On social media, Russia’s position has been categorized as “Cold War-style,” alluding to the time the Soviet Union supported the Palestine cause in opposition to the Western support for Israel, which is indeed relevant to the current realities. However, at the same time, there are other explanations for Moscow’s thinking. For example, the response of the Muslim world to the war with Ukraine has been crucial — and very much appreciated — for diplomatic purposes.

Moscow’s policy toward the East can also be understood in conjunction with its growing “no-limits” partnerships with China, India and other players, which includes the growing importance of the Muslim world. Especially at the start of the Ukraine war, the circles that can be identified as “Muslim Russia,” or those Russians that work with the Middle East, have appreciated the role of the Muslim world in Russia’s foreign policy. Moscow has been actively integrating and playing on this identity factor over the last year. In other words, Moscow’s position toward Hamas fits into these narratives of its foreign policy. Finally, Iran historically backs Hamas and, with the growing military and defense partnership between Russia and Iran, this move has significance for the progression of such collaborations. 

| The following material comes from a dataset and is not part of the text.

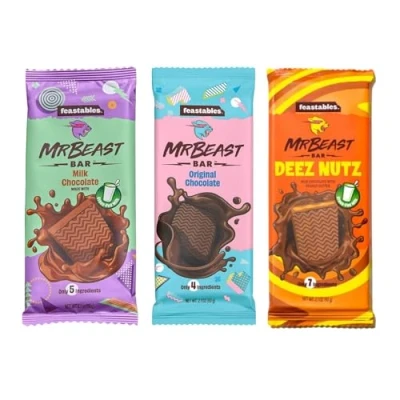 Afbeelding van Feastables MrBeast Try Pack 3 stuks Origineel/Deez gebruik/Milk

The Hamas-Israel war has not as yet caused a definite shift in the West’s priorities regarding its support for Ukraine.

Dr. Diana Galeeva

At the same time, the Hamas-Israel war is shaping the debate on a so-called multipolar global order, since it shows the ongoing role of external powers in the Middle East as well as the global importance of the regional players. For example, Qatar has reportedly emerged as a key intermediary in talks over the fate of more than 200 hostages held by Hamas militants since the attack on Israel.

Meanwhile, Turkish Foreign Minister Hakan Fidan last week visited the UAE and Qatar to raise the prospects of a Turkish mediation role. Furthermore, Turkiye and Qatar have slammed the “double standards” of Western nations, particularly in their reaction to this conflict. Queen Rania of Jordan has also condemned the West’s “silence” over the Israeli bombing of Gaza and stressed a “glaring double standard.”

All of these might suggest a cautious response by Arab leaders to the events in the region, but at the same time it echoes their independent voices, which are becoming louder daily and may eventually shape the composition of the multipolar world order, with important places for regional actors in the medium term.

To sum up, the Hamas-Israel war has not as yet caused a definite shift in the West’s priorities regarding its financial, diplomatic and military support for Ukraine. Ukraine remains important and last week’s Russian ballistic missile test at a site in the Arkhangelsk region only adds weight to this view. So, it is to be expected that the Ukraine war will remain a key priority for the West, in addition to the main players, Russia and Ukraine.

Meanwhile, Moscow’s move toward Hamas might positively affect its relations with the Muslim world, as the voices of Arabs are becoming louder by the day. The Middle East conflict will certainly not eclipse what is happening in Eastern Europe, but how it develops will have repercussions both in the immediate term for Russia’s diplomatic efforts and in the long term for the shape of global politics.

• Dr. Diana Galeeva is an academic visitor to Oxford University.